■ **Records to process**:
"""
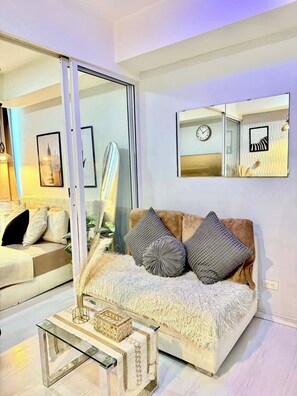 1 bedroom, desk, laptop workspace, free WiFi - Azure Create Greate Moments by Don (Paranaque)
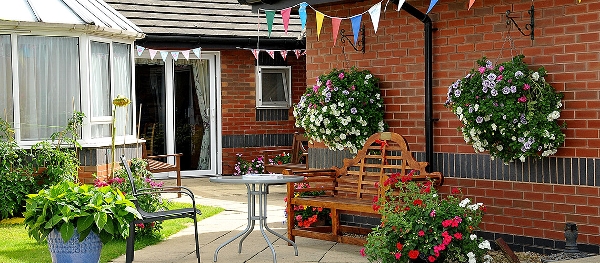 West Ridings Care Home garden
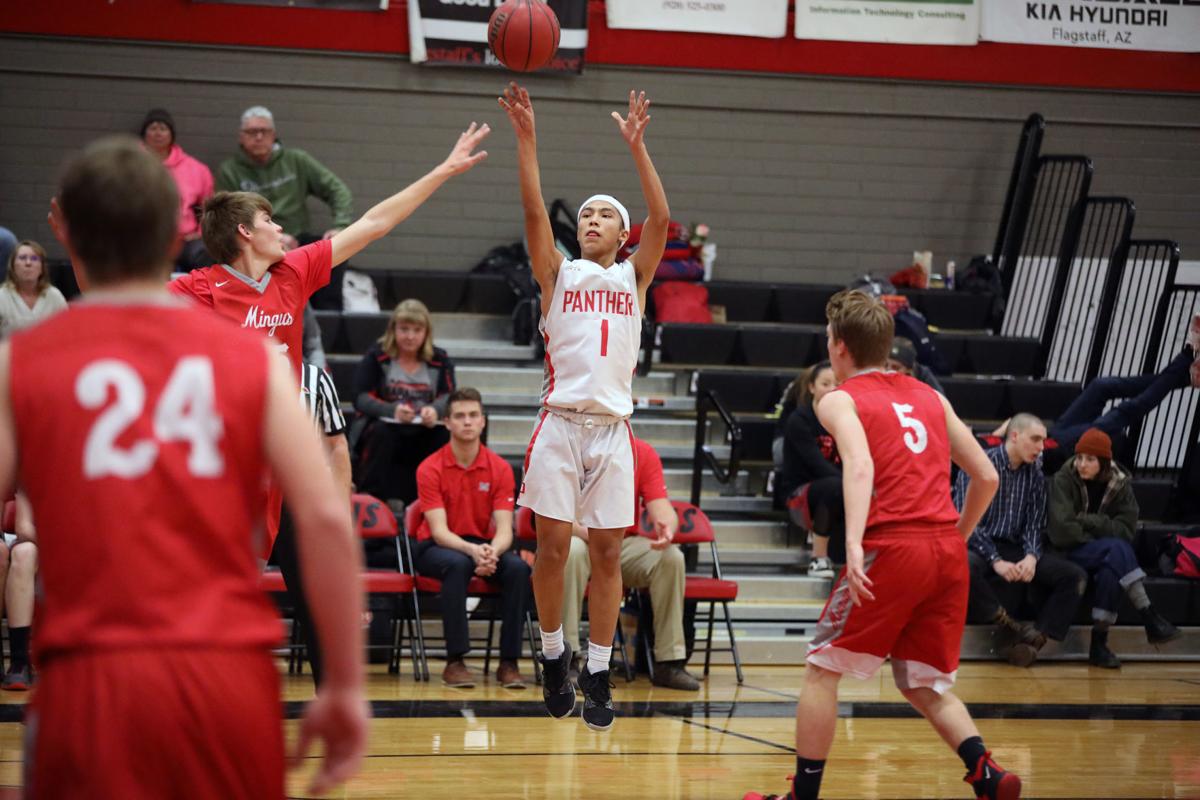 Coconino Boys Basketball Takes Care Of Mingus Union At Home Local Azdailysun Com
"""
"""
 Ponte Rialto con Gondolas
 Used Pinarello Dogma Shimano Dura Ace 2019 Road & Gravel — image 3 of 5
"""
■ **Instructions for the task**:
In the listing above, find the line with "Ponte Rialto con Gondolas" and the line with "Used Pinarello Dogma", then print exactly those lines and every line between them.

■ **Task answer**:
 Ponte Rialto con Gondolas
 Used Pinarello Dogma Shimano Dura Ace 2019 Road & Gravel — image 3 of 5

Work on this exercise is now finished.